Système carcéral à bout de souffle
Alors que la surpopulation carcérale en France atteint des records et s’élève à près de 125 % en mars 2024, les défenseurs du placement en milieu extérieur plaident pour une refonte du système. « Tout le monde sait que depuis presque 200 ans, ce que produit la prison c’est de la merde. Il y a 65 % de récidive dans les cinq ans parmi les gens qui passent par la case prison, martèle Gabi Mouesca. Si on appliquait les règles du capitalisme pur et dur, les prisons seraient fermées parce qu’une usine qui produit de la merde, on la ferme. » Son discours militant trouve écho dans un rapport commandé à l’Observatoire de la justice pénale en 2021 par Yaël Braun-Pivet, alors députée. Il fait ce constat lapidaire : « La prison ne fonctionne pas mais pour l’opinion publique il n’est pas envisageable de punir autrement. »

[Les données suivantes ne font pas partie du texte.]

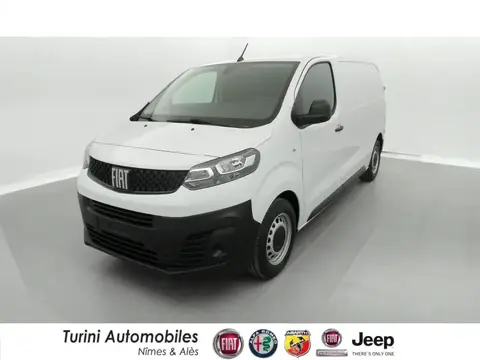 Annonce FIAT SCUDO Diesel 2023 d'occasion 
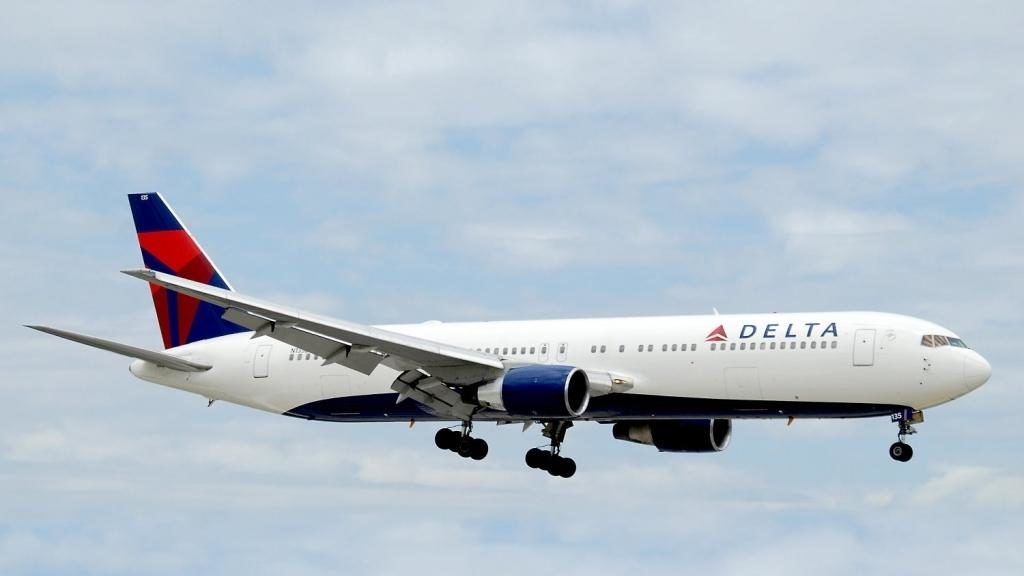 Delta Air Lines program to increase its operations on the Boston – Punta Cana route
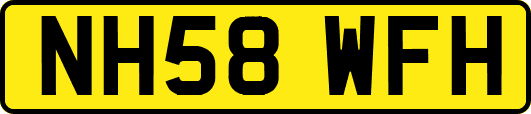 NH58WFH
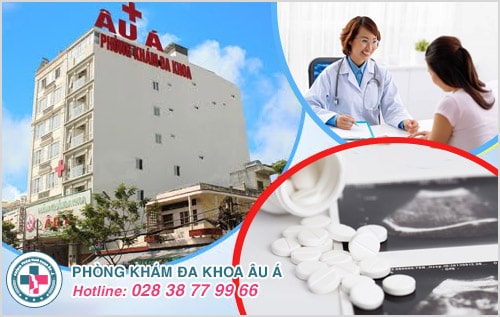Phá thai bằng thuốc và những điều chị em cần lưu ý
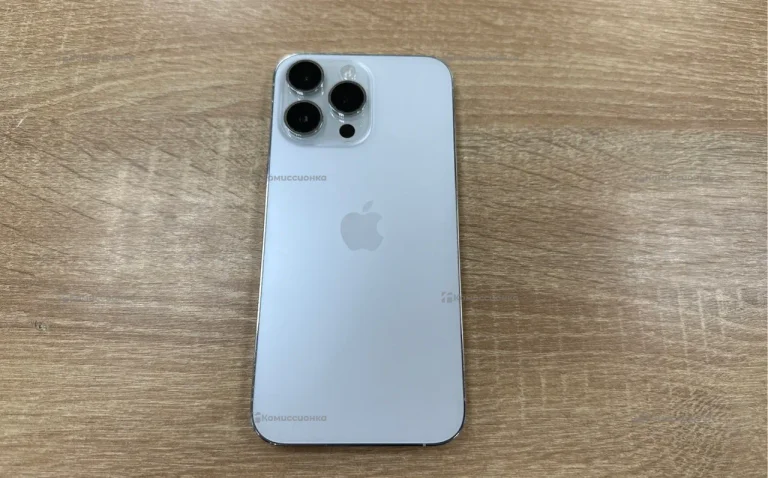 Apple iPhone 14 Pro Max 128 ГБ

En France, l’idée d’ouvrir les prisons de manière institutionnelle et orchestrée par l’administration pénitentiaire, n’est pas nouvelle, mais il demeure une grande frilosité à la mettre en œuvre. Depuis 1948, le centre de détention de Casabianda-Aléria, en Corse, accueille et emploie des hommes, principalement des auteurs d’infractions sexuelles intrafamiliales, dans un vaste territoire agricole sans clôture ni mirador. En Dordogne, il existe également une prison semi-ouverte au cœur de la commune de Mauzac. Ces deux établissements représentent moins de 1 % du parc carcéral français. En comparaison, au Danemark, un tiers des détenus sont placés dans des prisons ouvertes. Face à ce retard français, le monde associatif s’organise. De nombreuses associations conventionnées construisent des partenariats avec l’administration pénitentiaire pour accueillir des personnes privées de liberté. La plupart d’entre elles ne proposent que le logement ou l’insertion par le travail, et non les deux à la fois. Dans cette démarche, Emmaüs fait office d’exception avec cinq structures en fonctionnement et quatre en projet. Gabi Mouesca aimerait voir d’autres citoyens s’emparer du modèle pour le répliquer. « Ce serait complètement possible mais l’esprit Emmaüs, l’accueil inconditionnel dans la fraternité, on ne le retrouve pas dans toutes les associations du milieu judiciaire », alerte Sarah Dindo, experte en alternatives à la prison. Consultante et formatrice en probation, elle regrette le manque d’engagement du gouvernement pour ce sujet : « Il délègue parce que ça coûte trop cher. Le fait que ce soient des lieux de vie avec hébergement, des structures qui assurent tout, c’est un budget important pour le service public, alors qu’une journée en détention coûte trois fois plus cher qu’une journée en placement extérieur. »
* Prénoms modifiés
- Organisation politico-militaire basque fondée au début des années 1970.